--- INFORMATION SHOWN Enclosed Below ---

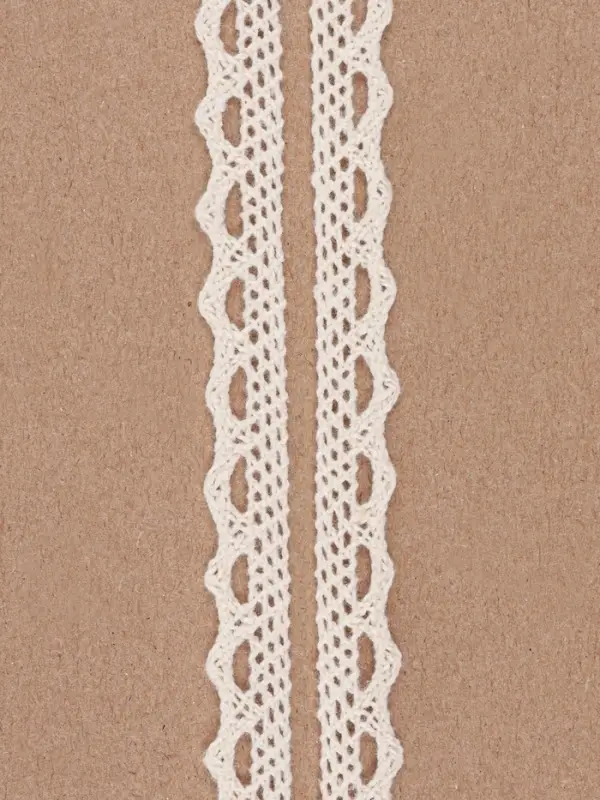 Кружево вязаное, 10 мм, 15&plusmn;1 м, бежевое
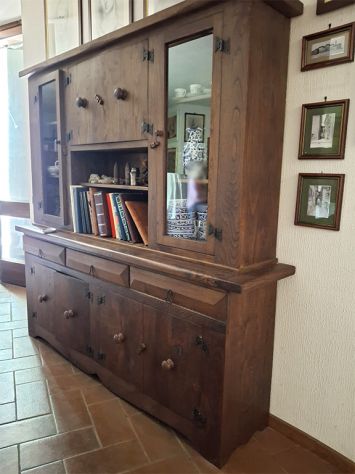 Pregiati Arredi Artigianali in Legno Massello in Stile Rustico.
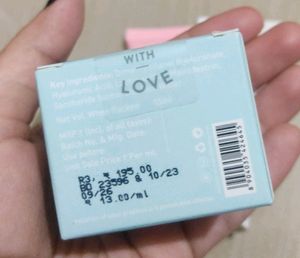 Dot &amp; Key Gel Moisturizer, Facewash &amp; Scrub Sample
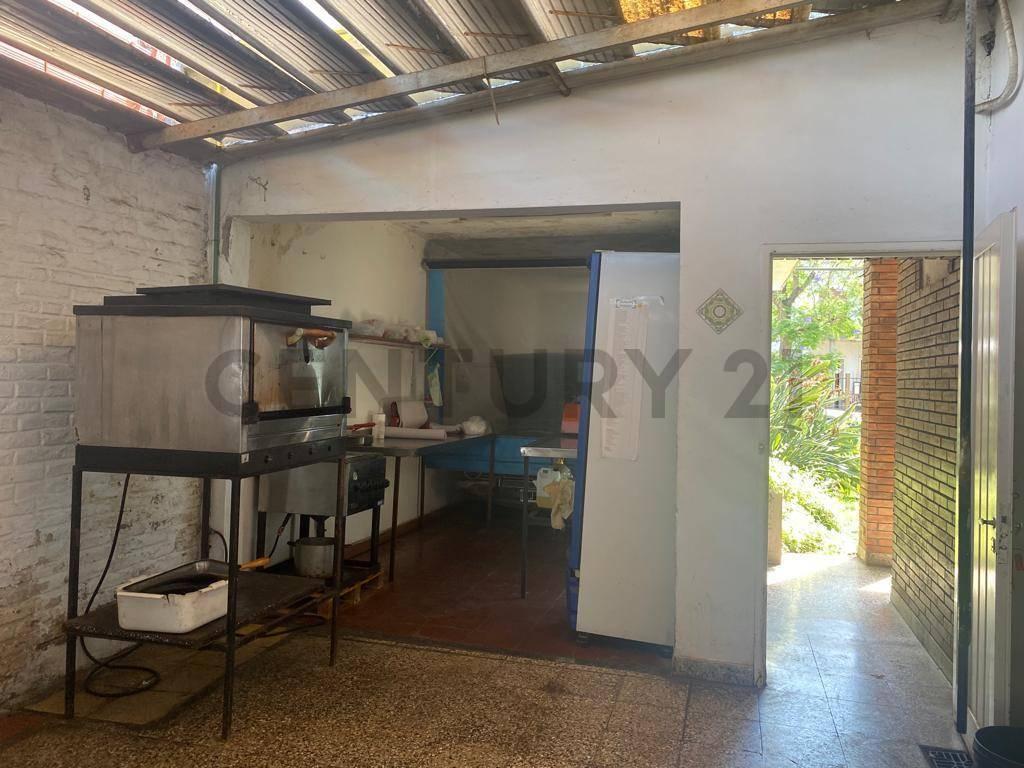 casa de 4 Ambientes en Ituzaingó posee Las Siguientes Características: - J. 3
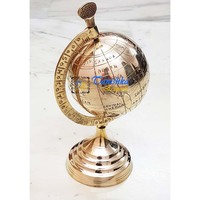 Globe terrestre miniature vintage en laiton poli, base en arche, design Art Déco fait main, objet éducatif, cadeau pour la maison ou le bureau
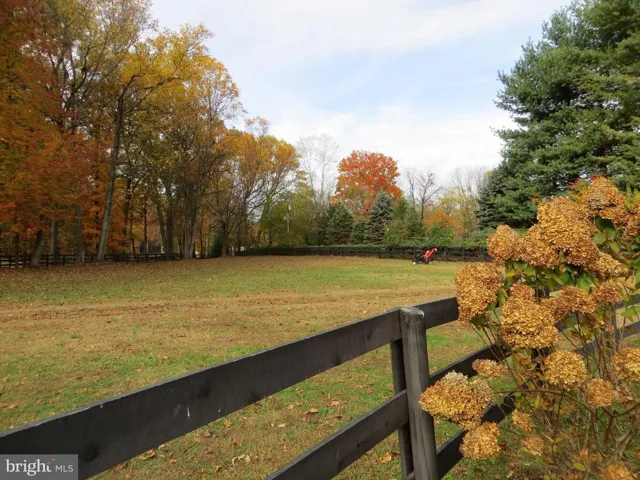 636 Walker Rd, Great Falls, Virginia 22066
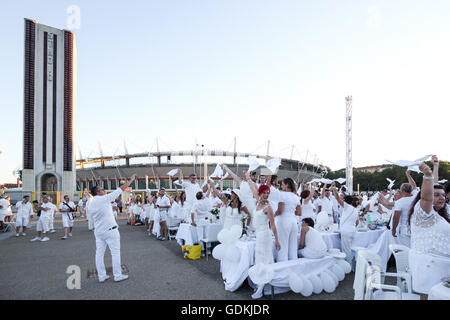 Turin, Italien. 17. Juli 2016. 13 000 Personen bei der 5. Auflage des "Dinner in weiß", die in diesem Jahr als Standort Piazza Armi, vor dem Olympiastadion, zu Ehren von zehn Jahren vom Olympischen Winterspiele Spiel 2006 gab. Dresscode weiß als weiß und fein war, die Einstellung von jeder Person gebracht werden. © Elena Aquila/Pacific Press/Alamy Live-Nachrichten Stockfoto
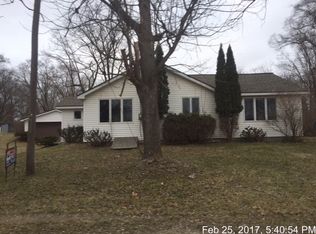 16224 Farnsworth Rd, Stockbridge, MI 49285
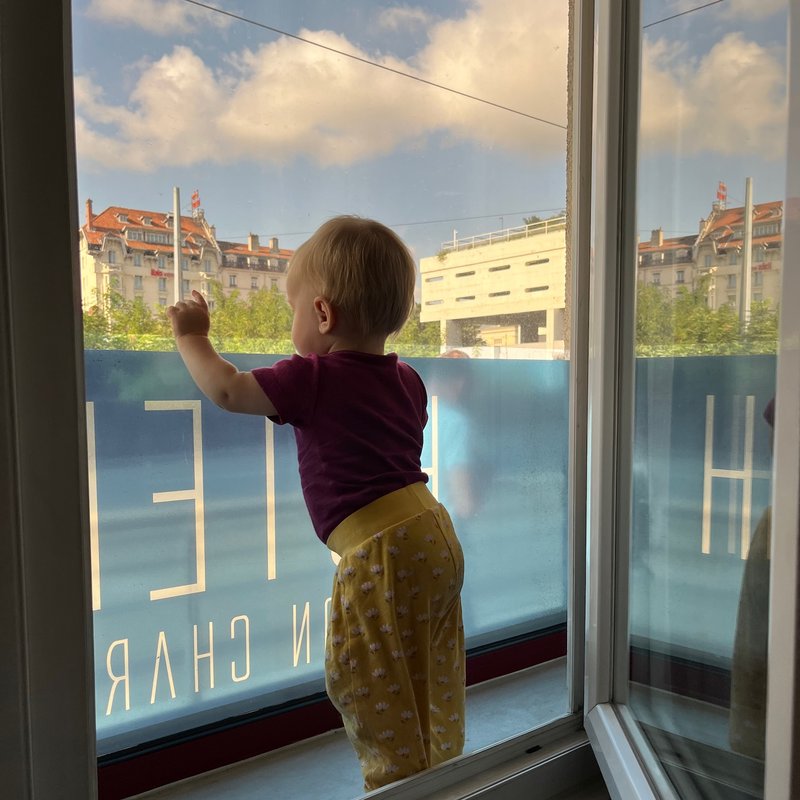 Ida am Fenster in Lyon
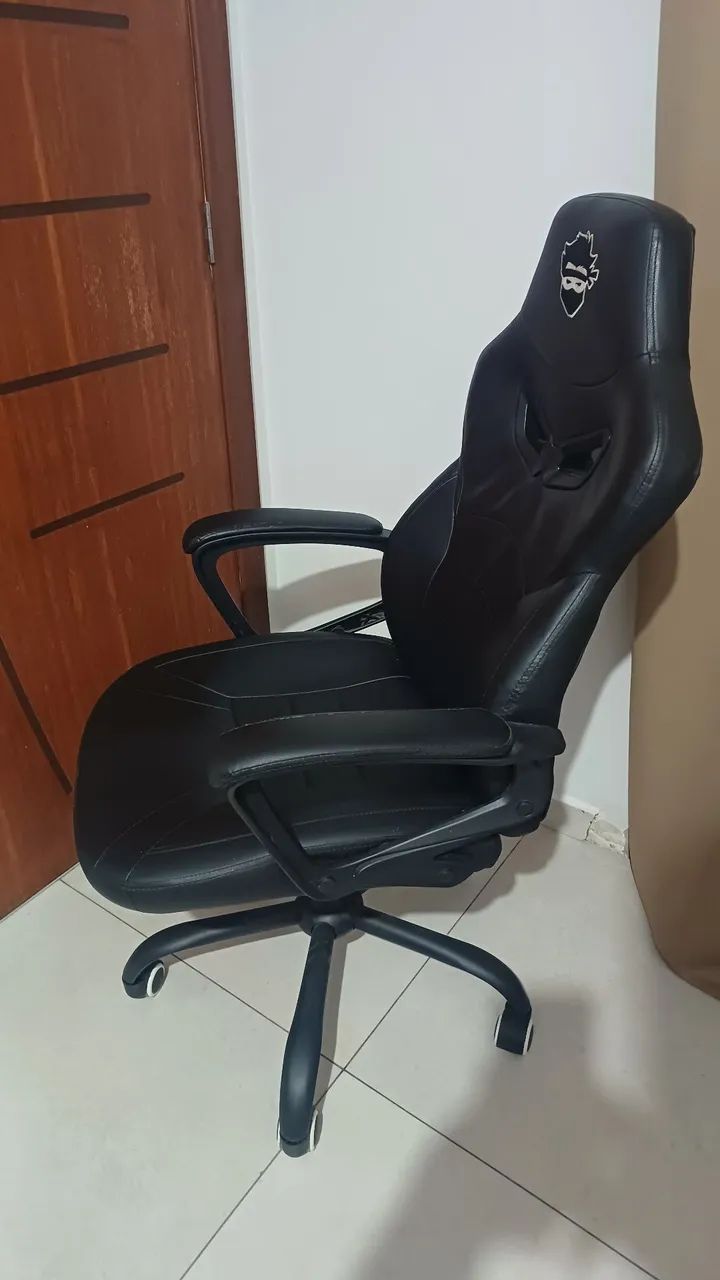 Cadeira gamer semi nova - Foto 3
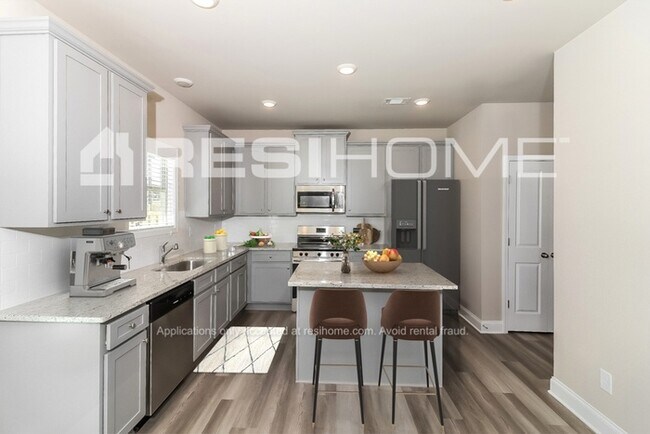 Photo - 190 Brougham Dr S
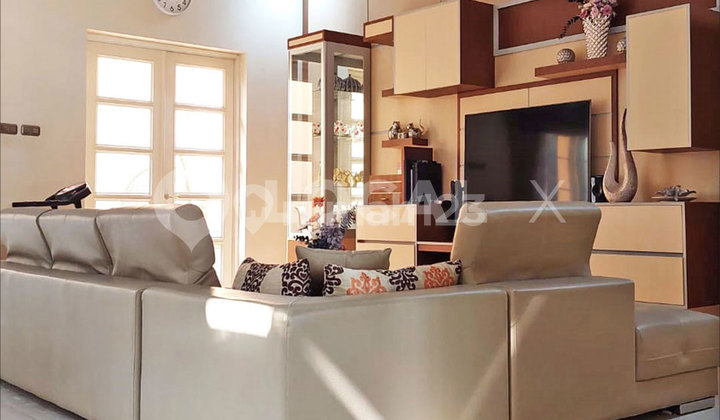 Jl. Venice Pik House, North Jakarta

--- End of Enclosed INFORMATION SHOWN ---

## [BRIEF]
Word for word, return the material, omitting the pictures.

## [SOLUTION FOR THIS EXERCISE]
 Кружево вязаное, 10 мм, 15&plusmn;1 м, бежевое
 Pregiati Arredi Artigianali in Legno Massello in Stile Rustico.
 Dot &amp; Key Gel Moisturizer, Facewash &amp; Scrub Sample
 casa de 4 Ambientes en Ituzaingó posee Las Siguientes Características: - J. 3
 Globe terrestre miniature vintage en laiton poli, base en arche, design Art Déco fait main, objet éducatif, cadeau pour la maison ou le bureau
 636 Walker Rd, Great Falls, Virginia 22066
 Turin, Italien. 17. Juli 2016. 13 000 Personen bei der 5. Auflage des "Dinner in weiß", die in diesem Jahr als Standort Piazza Armi, vor dem Olympiastadion, zu Ehren von zehn Jahren vom Olympischen Winterspiele Spiel 2006 gab. Dresscode weiß als weiß und fein war, die Einstellung von jeder Person gebracht werden. © Elena Aquila/Pacific Press/Alamy Live-Nachrichten Stockfoto
 16224 Farnsworth Rd, Stockbridge, MI 49285
 Ida am Fenster in Lyon
 Cadeira gamer semi nova - Foto 3
 Photo - 190 Brougham Dr S
 Jl. Venice Pik House, North Jakarta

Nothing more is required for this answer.